It took Jonah three days to walk through Nineveh (3:3). On the first day in the city, he told them that in 40 days God would destroy them (3:4); it follows that by the time he was in the middle of the city he was telling them that they had 37 days left. So too the Jews had between 37 and 40 years notice of the destruction of Jerusalem. It is a worthwhile speculation that for Jonah to be a sign to the Ninevites by reason of being three days in the whale (Mt. 12:38-40), he must have borne in his body the marks of his experience for all to see, as our Lord did (1). Being inside the fish for that period may have made his flesh change colour or bear some other physical mark so that he could be a sign to them of what had happened. Doubtless he recounted his story to them- so that they were encouraged by the fact of God's love to the resurrected Jonah to repent and likewise throw themselves on God's mercy. In all this we see Jonah as a type of Christ.
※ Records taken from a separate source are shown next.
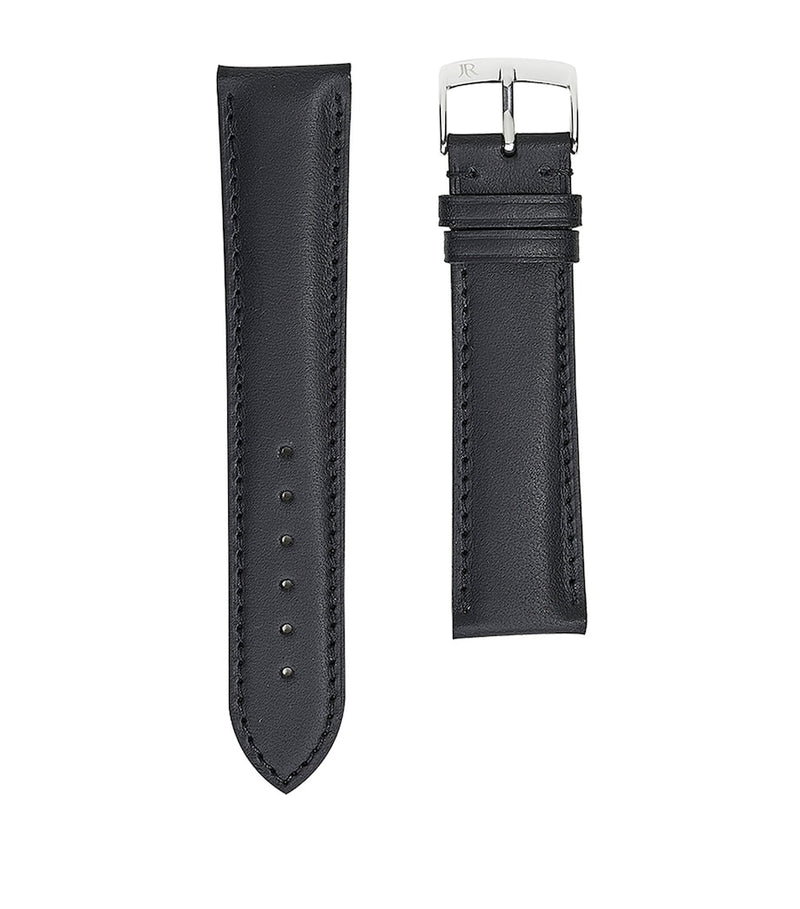 Jean Rousseau Classic 3.5 vegetable-tanned leather watch strap 16mm - British product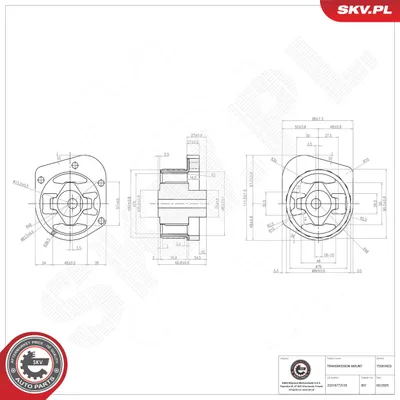 Mounting, automatic transmission Bmw 3 · Bmw 3 Touring · Bmw 5
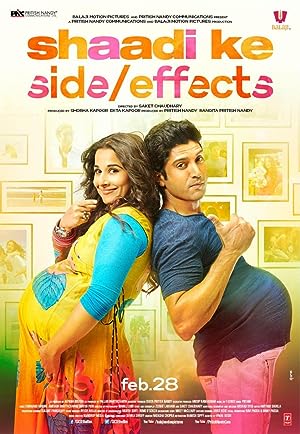 Cover image of the movie Shaadi Ke Side Effects (2014)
They would have looked upon that man as we look upon Jesus, to see the love of God manifested in him; they responded by repenting in sackcloth, casting off their materialism, and living in a way that showed their complete belief that " the judge standeth before the door" . What is our response to Jonah/Jesus? 


Notes

(1) See Dudley Fifield, 'Jonah and the Ninevites', The Testimony, Vol. 54 (1984) p.112 for an excellent devotional study of the Ninevites.